It is often undesirable to have many results listed from the same site. Site Clustering will essentially limit the number of returned results from any given site or two, but it will provide a link which says "more results from this site" in case the searcher wishes it.

Duplicate Results Removal

When dup results removal is enabled Gigablast will remove results that have the exact same content as other results. The psc parameter can be used to dedup documents with similar content.

Cached Web Page Parameters

To get a cached web page from Gigablast use a url like: http://www.gigablast.com/get?d=94555390410&ih=1&q=my+query where:

d=X
X is the docid of the page you want returned. DocIds are 64-bit, so you'll need 8 bytes to hold one. DocIds can be harvested from the XML seach feed output.
ih=X
X is 1 to include the Gigablast header in the returned page, and 0 to exclude it.
ibh=X
X is 1 to include the Gigablast BASE HREF tag in the cached page. The default is 1.
q=X
X is the query that, when present, will cause Gigablast to highlight the query terms on the returned page.
cas=X
X can be 0 or 1 to respectively disable or enable click and scroll. Default is 1.
strip=X
X can be 0, 1 or 2. If X is 0 then no stripping is performed. If X is 1 then image and other tags are removed. An X of 2 is another from of removing tags. Default is 0.

The Output

Gigablast allows you to receive the search results in a number of formats useful for interfacing to your program. Here is an example of the XML feed.
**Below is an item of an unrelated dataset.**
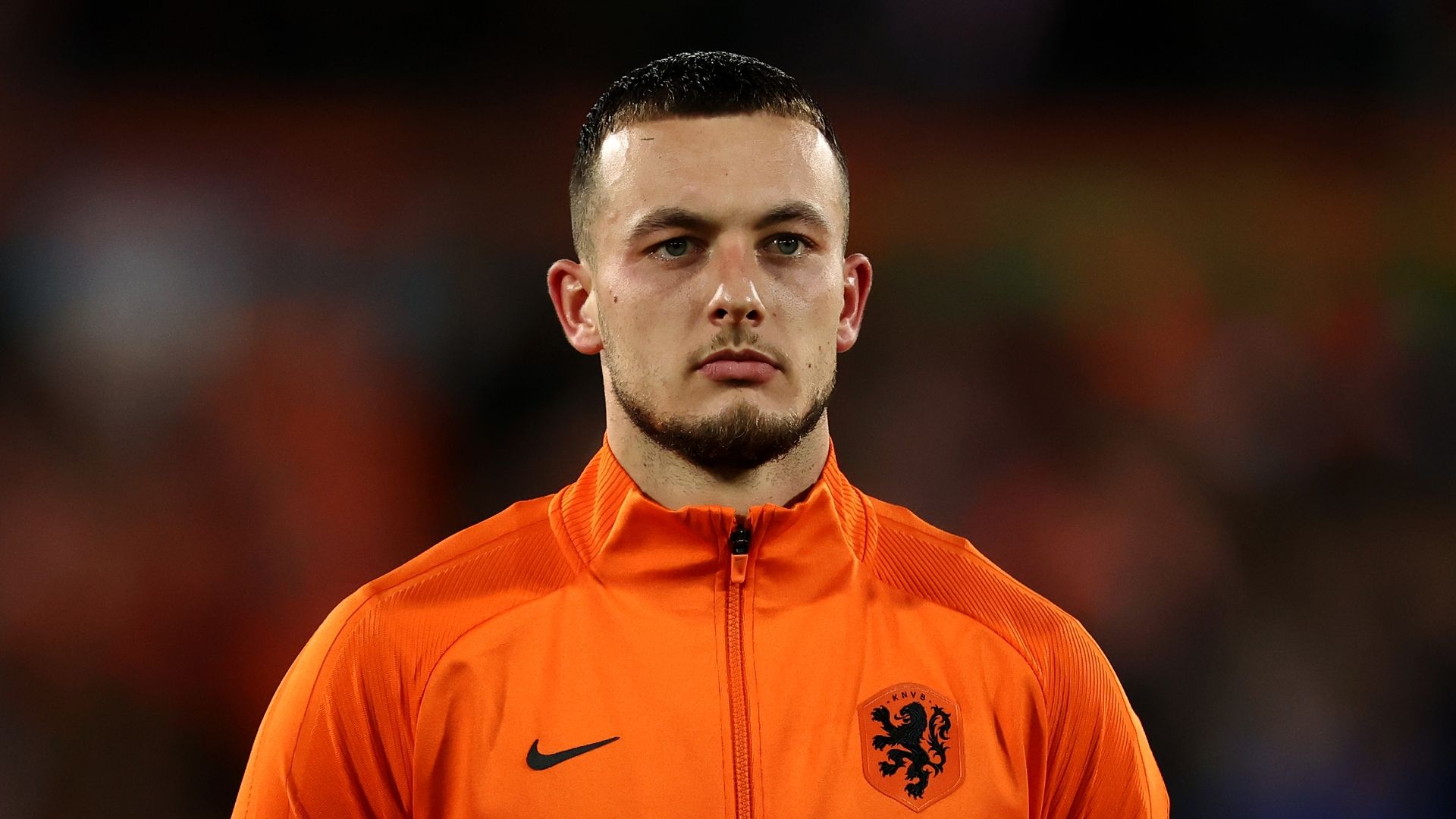 Justin Bijlow Netherlands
The XML reply has the following format(but without the comments):


# The XML reply uses the Latin-1 Character Set (ISO 8859-1) when using raw=8
<?xml version="1.0" encoding="ISO-8859-1" ?>

# OR when using raw=9
<?xml version="1.0" encoding="utf-8" ?>

# It consists of one, and only one, response.
<response>

  # If any error was received in processing the request, it will be here.
  <error>Out of memory</error>
  # The numeric code of the error, if any, goes here.
  # See all the Error Codes, but the   # following errors are most likely:
  # 32771 - A cached page was not found when it should have been.
  #    12 - There was a shortage of memory to properly process the request.
  # 32863 - Queried collection does not exist.
  <errno>32790</errno>

  # Total number of documents in the collection being searched.
  <docsInCollection>2060245584</docsInCollection>
  # An APPROXIMATION of the total number of search results for the query.
  <hits>4838158</hits>
  # This is "1" if more results are available after these, "0" if not.
  <moreResultsFollow>1</moreResultsFollow>

  # If present and value is 1, some words in the query were censored for content.
  <queryCensored>1</queryCensored>
  # If present, the value is the number of results that were censored for content.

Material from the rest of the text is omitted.